Your objective:
Would you retype the listing word for word, skipping its pictures?

Provided material:
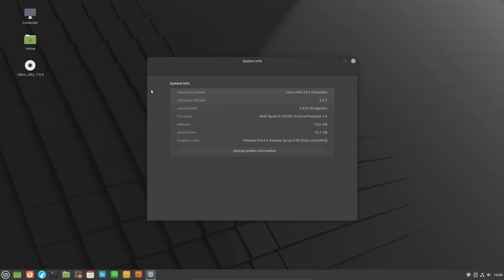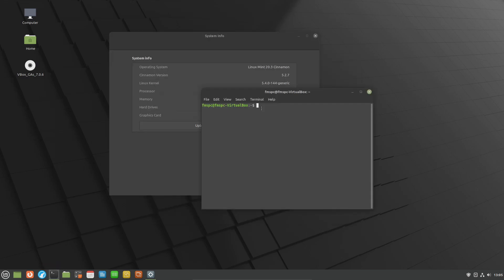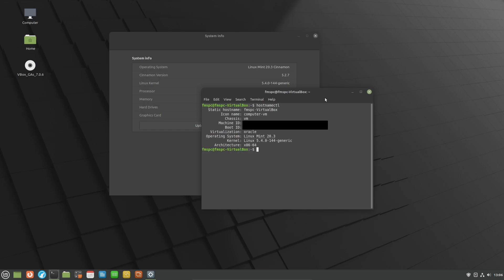Alternatively you can come down here and click on the terminal, type in hostname CTL and then return. You'll notice this will give us the same thing as far as the operating system and the kernel, but it did not give us the Cinnamon version.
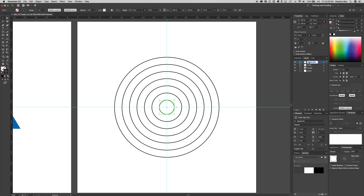Now I can double-click on that layer name and change the name to 'rings'. Then I'm going to create a new layer named 'star' — click on new layer, double-click on the name, and name that layer 'star'.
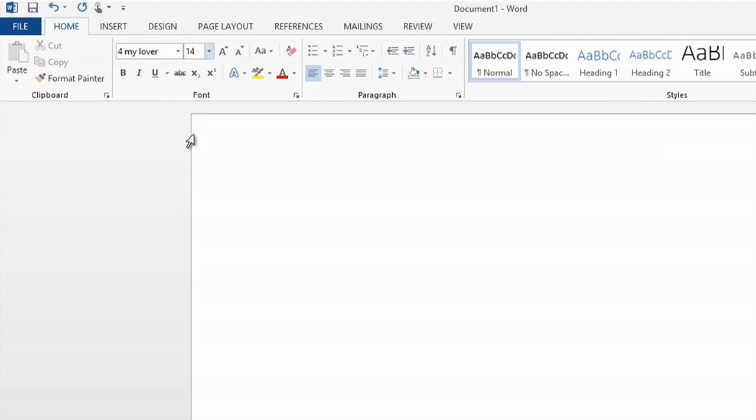I'll enlarge it a little bit, and now I can start using my Valentine font, and that's how you create new cool fonts in Microsoft Word. Thanks for watching. I'm Kathy.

Output below:
Alternatively you can come down here and click on the terminal, type in hostname CTL and then return. You'll notice this will give us the same thing as far as the operating system and the kernel, but it did not give us the Cinnamon version.
Now I can double-click on that layer name and change the name to 'rings'. Then I'm going to create a new layer named 'star' — click on new layer, double-click on the name, and name that layer 'star'.
I'll enlarge it a little bit, and now I can start using my Valentine font, and that's how you create new cool fonts in Microsoft Word. Thanks for watching. I'm Kathy.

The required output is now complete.